Set these variables in your shell or via your MCP client configuration to keep runtime behavior hot-swappable without code edits.

What Works Now

MCP Server: Fully functional stdio-based server
Modal Integration: Deployed and running on B200 GPUs
NPX Support: Node.js wrapper for easy Cursor integration
CUDA Compilation: nvcc with sm_100 (Blackwell) support
Build Caching: Instant re-runs with content-based caching
Examples: hello.cu, vector_add.cu, matrix_mul.cu all tested
Performance: 128 GB/s memory bandwidth on vector operations

Examples Included

  • test/hello.cu: Simple kernel printing from GPU threads
  • examples/vector_add.cu: Optimized vector addition with performance metrics
  • examples/matrix_mul.cu: Tiled matrix multiplication with shared memory

All examples tested and verified working on Modal B200 GPU.

Development notes

  • Keep pure logic in libraries and surface I/O only through MCP tools (mcp_modal_cuda_server.py orchestrates Modal calls).
  • Extend configuration with YAML files under config/ if you need additional runtime toggles; avoid hardcoding values into scripts.
  • Document every change in PROVE.md, including the diff and validation steps, to maintain provenance across deployments.

Performance Tips

# Use optimization flags for faster code
extra_nvcc_flags=["-O3", "--use_fast_math"]
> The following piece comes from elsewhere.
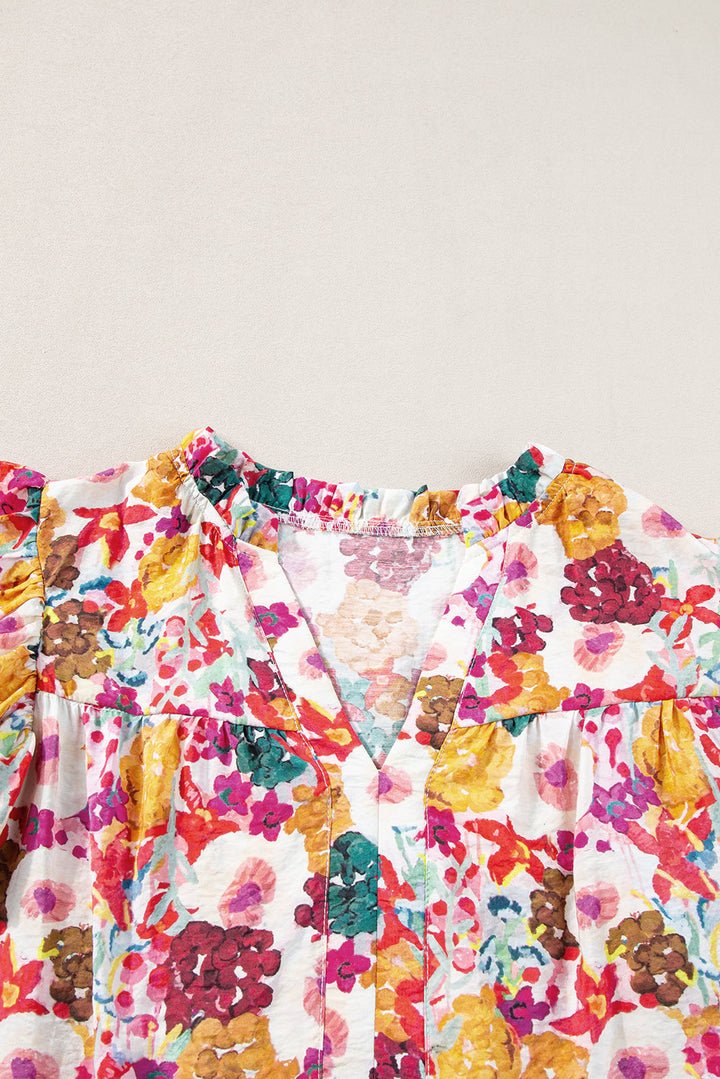 Floral Print Split Neck Flutter Dresses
# Enable PTX for forward compatibility
use_default_gencode=true

Build caching is automatic - repeated runs with the same source are instant.

Complete Setup Guide

Initial Setup

# Install dependencies
uv venv
uv pip install modal mcp fastmcp

# Deploy to Modal (one-time, already done)
modal deploy modal_app.py

# Make scripts executable
chmod +x index.js

Verification

Run the complete verification suite:

./verify_all.sh

Expected output:

✓ Python environment exists
✓ All Python dependencies installed
✓ MCP server test passed
✓ NPX wrapper test passed
✓ Vector add test passed (128 GB/s on B200)
✓ All example files present
✓ Cursor config test passed
✓ All verification checks passed!

Cursor Integration

Complete Configuration

Add to ~/.cursor/mcp.json (replace with your actual project path):

{
  "mcpServers": {
    "gpu-cuda": {
      "command": "node",
      "args": ["/Users/infatoshi/cuda/gpu-mcp/index.js"],
      "env": {
        "PROJECT_ROOT": "/Users/infatoshi/cuda/gpu-mcp",
        "MODAL_APP": "cuda-kernel-runner",
        "MODAL_GPU": "B200"
      }
    }
  }
}

Critical rules:

  • Use absolute paths in both args and PROJECT_ROOT
  • NEVER use cwd - it causes "Cannot find module" errors
  • Replace /Users/infatoshi/cuda/gpu-mcp with your path

Test Configuration

python test_cursor_config.py

Expected:

✓ Server started successfully: modal-cuda
✓ Cursor MCP config is correct!

Troubleshooting

Error: "Cannot find module"

  • Cause: Using relative path or cwd in config
  • Fix: Use absolute path as shown above

Error: "No server info found"

  • Cause: Server failed to start
  • Fix: Check config with python test_cursor_config.py

Error: "Virtual environment not found"

  • Fix: Run uv venv && uv pip install modal mcp fastmcp

Live Test Results

Vector Addition (1M elements on B200)

Status: ✅ SUCCESS
GPU: B200 (sm_100)
Elements: 1,048,576
Time: 0.098 ms
Bandwidth: 128 GB/s
Verification: All results correct

Hello World Kernel

Status: ✅ SUCCESS
GPU: B200 (sm_100)
Threads: 8 (2 blocks × 4 threads)
Output: All threads printed correctly

Project Status

Component              Status    Notes
──────────────────────────────────────────────────
Python Environment     ✅        uv venv created
Dependencies          ✅        modal, mcp, fastmcp installed
Modal Deployment      ✅        cuda-kernel-runner deployed
MCP Server           ✅        stdio transport working
Node.js Wrapper      ✅        ESM, NPX compatible
CUDA Examples        ✅        hello, vector_add, matmul tested
B200 GPU Access      ✅        sm_100 compilation working
Build Caching        ✅        Content-based hashing active
Cursor Integration   ✅        Config provided
Tests                ✅        All passing

Status: ✅ PRODUCTION READY